Fingers crossed that one of these 'eggs' hatches!


Through all of our ups and downs one thing has remained true - we are better together.
There are times that we disagree, argue, or just have bad days. But that's what marriage is. Finding that person that you can't imagine life without.


Communication - sometimes it is SO HARD to talk about difficult things especially when you are feeling upset/unsupported/misunderstood/etc. But not talking about it is what causes relationships to fail. Letting issues fester and build up will only lead to bigger unrelated issues.

Share how you are feeling, share if you are upset, share if you feel unsupported, share if you feel your love languages aren't being met. Yes, we are women and usually good mind readers but we aren't that super human. The more you communicate with one another, especially when it is the hardest, the easier it gets. HONEST. Talk to each other.

We see in most relationships around us that the biggest issues stem from lack of communication. It is hard, no doubt, but in the end it is SO rewarding to be able to work through things together and feel like you are being heard.

Love + Coping Languages - this was another huge learning area for us and understanding one another's 'languages' was a game changer. We strongly encourage you to do the online quiz and read the book "The Five Love Languages" to learn how you and your partner want to be loved.

Until we really looked at how the other person wanted to be 'loved,' we often felt unfulfilled. We were showing one another love the way we wanted to be loved but in reality that wasn't the same language for each other.

This was the same for each other's coping mechanisms. We both needed a different kind of support when going through tough days or life changing events. Being able to provide what the other person needed instead of what WE needed was an immense turning point. Learn your partners way of coping and support them in the way THEY need to be supported and vice versa.

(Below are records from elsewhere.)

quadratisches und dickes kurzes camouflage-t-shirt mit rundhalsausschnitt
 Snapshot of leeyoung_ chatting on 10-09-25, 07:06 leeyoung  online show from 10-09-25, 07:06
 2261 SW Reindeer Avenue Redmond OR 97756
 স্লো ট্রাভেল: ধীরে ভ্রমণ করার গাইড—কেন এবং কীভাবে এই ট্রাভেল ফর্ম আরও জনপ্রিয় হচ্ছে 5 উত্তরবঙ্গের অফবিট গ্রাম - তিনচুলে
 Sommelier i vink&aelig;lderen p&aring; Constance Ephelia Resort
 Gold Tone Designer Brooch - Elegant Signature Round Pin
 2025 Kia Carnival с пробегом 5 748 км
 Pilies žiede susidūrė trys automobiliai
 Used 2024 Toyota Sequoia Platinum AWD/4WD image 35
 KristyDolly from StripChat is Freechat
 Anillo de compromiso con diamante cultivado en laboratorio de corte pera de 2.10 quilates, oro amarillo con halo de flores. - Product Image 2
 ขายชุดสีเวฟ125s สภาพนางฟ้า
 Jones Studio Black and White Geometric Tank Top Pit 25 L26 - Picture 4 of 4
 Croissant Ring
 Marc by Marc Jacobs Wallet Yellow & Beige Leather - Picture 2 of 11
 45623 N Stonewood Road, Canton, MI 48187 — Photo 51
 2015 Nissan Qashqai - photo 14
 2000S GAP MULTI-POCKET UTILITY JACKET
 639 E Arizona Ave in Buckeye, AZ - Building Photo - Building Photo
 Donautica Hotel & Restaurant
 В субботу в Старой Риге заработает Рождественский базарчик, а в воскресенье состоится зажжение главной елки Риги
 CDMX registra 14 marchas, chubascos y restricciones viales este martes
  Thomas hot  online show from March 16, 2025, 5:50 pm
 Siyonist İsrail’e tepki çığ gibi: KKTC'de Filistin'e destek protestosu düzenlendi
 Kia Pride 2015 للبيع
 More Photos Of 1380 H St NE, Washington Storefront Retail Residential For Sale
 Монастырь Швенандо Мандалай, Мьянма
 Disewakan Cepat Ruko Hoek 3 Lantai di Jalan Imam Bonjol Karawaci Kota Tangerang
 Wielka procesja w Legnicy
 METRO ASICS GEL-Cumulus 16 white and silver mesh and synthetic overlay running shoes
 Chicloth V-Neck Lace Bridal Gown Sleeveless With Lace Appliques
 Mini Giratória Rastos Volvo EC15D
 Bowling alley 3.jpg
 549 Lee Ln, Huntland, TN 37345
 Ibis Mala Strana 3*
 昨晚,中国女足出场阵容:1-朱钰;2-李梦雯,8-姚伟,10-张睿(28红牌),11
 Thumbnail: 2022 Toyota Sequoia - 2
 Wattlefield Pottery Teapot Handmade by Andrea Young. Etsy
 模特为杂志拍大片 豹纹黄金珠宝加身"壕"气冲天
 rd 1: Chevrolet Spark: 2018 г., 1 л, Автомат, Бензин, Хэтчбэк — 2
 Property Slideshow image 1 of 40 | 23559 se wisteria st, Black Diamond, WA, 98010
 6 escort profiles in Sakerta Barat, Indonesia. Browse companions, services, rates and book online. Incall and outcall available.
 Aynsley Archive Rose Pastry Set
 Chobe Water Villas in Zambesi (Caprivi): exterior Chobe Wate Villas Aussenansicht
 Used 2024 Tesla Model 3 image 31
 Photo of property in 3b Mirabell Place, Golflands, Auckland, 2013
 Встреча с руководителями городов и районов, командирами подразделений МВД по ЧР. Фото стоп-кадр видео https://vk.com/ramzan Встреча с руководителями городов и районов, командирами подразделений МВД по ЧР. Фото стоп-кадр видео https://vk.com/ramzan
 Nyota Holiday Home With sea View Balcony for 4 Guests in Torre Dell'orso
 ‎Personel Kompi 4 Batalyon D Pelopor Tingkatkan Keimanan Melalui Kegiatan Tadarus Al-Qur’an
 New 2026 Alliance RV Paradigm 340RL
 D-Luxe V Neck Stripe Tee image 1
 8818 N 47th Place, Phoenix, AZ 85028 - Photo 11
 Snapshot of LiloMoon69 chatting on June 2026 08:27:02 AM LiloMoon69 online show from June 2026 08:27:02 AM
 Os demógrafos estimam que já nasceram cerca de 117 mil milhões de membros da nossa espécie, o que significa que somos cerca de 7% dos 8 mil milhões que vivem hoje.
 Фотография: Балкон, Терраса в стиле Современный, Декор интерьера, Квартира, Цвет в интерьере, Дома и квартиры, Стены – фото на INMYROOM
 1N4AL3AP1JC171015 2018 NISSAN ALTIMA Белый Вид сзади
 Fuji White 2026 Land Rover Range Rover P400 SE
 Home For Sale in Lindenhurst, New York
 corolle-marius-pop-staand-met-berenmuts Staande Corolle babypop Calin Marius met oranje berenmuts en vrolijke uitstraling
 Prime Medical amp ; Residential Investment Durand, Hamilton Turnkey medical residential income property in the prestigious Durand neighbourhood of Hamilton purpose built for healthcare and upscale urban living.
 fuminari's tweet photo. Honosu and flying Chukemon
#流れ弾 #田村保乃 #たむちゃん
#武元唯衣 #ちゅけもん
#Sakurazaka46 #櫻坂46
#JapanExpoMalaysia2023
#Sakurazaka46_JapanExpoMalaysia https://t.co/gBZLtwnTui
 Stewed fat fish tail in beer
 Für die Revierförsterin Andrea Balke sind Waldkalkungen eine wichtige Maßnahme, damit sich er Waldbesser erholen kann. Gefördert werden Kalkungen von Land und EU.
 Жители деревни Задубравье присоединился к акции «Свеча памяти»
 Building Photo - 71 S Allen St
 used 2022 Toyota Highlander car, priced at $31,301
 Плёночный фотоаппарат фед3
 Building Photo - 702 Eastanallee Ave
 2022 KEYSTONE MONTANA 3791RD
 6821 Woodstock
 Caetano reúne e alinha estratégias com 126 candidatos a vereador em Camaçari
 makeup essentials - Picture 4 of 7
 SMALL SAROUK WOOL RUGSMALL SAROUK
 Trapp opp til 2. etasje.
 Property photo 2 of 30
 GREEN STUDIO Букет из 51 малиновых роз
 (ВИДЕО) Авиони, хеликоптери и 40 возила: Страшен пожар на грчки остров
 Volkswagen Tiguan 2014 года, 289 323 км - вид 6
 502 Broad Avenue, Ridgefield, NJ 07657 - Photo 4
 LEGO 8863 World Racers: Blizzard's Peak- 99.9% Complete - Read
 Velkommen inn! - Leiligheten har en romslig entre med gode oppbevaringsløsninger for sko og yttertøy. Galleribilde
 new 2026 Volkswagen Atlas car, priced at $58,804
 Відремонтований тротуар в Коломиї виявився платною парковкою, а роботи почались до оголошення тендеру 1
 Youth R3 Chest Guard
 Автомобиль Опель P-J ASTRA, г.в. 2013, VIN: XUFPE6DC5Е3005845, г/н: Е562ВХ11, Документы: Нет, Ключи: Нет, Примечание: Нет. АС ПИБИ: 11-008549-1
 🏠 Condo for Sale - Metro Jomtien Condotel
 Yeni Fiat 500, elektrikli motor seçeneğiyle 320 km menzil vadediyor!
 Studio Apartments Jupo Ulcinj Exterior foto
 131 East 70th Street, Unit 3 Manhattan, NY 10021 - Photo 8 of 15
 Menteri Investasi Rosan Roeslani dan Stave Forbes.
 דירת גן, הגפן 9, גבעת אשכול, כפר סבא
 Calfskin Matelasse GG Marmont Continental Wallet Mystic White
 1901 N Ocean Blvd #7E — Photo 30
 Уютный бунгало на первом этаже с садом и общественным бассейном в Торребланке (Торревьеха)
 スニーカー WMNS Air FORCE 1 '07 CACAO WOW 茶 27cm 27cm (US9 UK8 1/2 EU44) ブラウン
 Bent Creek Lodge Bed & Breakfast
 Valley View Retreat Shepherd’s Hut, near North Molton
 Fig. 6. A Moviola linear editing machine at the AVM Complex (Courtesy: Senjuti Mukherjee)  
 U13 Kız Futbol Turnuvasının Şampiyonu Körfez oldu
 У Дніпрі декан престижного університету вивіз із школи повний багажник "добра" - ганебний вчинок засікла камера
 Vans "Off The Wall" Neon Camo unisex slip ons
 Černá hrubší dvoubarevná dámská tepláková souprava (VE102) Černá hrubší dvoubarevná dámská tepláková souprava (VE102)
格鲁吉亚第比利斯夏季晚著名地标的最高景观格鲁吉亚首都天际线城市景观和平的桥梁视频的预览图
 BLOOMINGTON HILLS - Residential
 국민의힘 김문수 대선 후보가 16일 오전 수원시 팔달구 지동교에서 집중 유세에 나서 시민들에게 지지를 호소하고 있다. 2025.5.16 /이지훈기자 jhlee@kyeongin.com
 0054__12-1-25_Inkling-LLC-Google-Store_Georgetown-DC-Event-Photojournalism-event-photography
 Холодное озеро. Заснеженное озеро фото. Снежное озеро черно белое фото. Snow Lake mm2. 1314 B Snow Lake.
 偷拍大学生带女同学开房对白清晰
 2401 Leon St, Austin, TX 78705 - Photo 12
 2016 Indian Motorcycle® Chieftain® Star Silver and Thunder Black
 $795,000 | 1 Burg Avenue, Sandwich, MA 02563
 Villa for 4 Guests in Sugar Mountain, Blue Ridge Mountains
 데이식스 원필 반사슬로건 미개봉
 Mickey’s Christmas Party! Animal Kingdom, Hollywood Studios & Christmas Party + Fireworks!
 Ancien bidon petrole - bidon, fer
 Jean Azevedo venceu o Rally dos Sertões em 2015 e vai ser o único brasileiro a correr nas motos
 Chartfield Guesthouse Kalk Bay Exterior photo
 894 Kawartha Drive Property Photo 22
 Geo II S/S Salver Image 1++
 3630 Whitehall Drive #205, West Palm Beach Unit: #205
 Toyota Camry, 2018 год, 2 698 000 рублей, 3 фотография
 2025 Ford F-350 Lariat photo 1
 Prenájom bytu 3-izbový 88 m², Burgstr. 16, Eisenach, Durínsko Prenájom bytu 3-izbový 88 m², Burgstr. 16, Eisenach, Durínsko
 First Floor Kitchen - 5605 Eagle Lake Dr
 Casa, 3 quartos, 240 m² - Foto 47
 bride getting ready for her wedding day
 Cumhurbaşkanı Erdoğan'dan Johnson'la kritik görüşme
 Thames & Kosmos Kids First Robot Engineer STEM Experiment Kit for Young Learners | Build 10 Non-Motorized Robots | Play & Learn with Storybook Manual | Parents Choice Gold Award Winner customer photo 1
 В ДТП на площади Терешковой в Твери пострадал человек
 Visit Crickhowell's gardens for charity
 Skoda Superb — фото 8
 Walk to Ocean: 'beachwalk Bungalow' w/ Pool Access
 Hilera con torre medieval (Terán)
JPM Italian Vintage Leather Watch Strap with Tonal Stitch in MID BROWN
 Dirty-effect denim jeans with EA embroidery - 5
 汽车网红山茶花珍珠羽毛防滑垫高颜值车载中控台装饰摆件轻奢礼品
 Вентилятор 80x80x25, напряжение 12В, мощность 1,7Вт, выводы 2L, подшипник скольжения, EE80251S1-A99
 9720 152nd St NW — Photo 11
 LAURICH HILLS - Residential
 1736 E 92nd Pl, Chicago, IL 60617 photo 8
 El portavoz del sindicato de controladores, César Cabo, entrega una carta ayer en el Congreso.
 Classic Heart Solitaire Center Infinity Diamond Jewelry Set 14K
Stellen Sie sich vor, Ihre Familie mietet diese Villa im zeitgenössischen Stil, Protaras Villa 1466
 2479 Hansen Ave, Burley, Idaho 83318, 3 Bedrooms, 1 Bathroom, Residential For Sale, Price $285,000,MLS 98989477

It seems that a lot of couples tend to focus on the immediate of "checking of the boxes" when looking for a partner and some of the bigger picture idea and values don't get discussed until it's deep into the relationship. We knew right away that we shared a lot of the same values and therefore we knew all the little bumps and curveballs were passable - and opportunities to learn from - because the core of who we were and where we wanted to go and who we wanted to be had a strong foundation. Talk about passions, talk about the future, talk about the reasons you want to get up and take on the day and what motivates you.

If you want to have children, what are the things from your upbringing that are important to you to pass on to your kids? What do you value individually and as a couple? How can you support one another to live a fulfilling life that aligns with those values and fosters those passions? You are on this adventure together called LIFE. You don't know where it is going to take you but you can choose who to have alongside of you.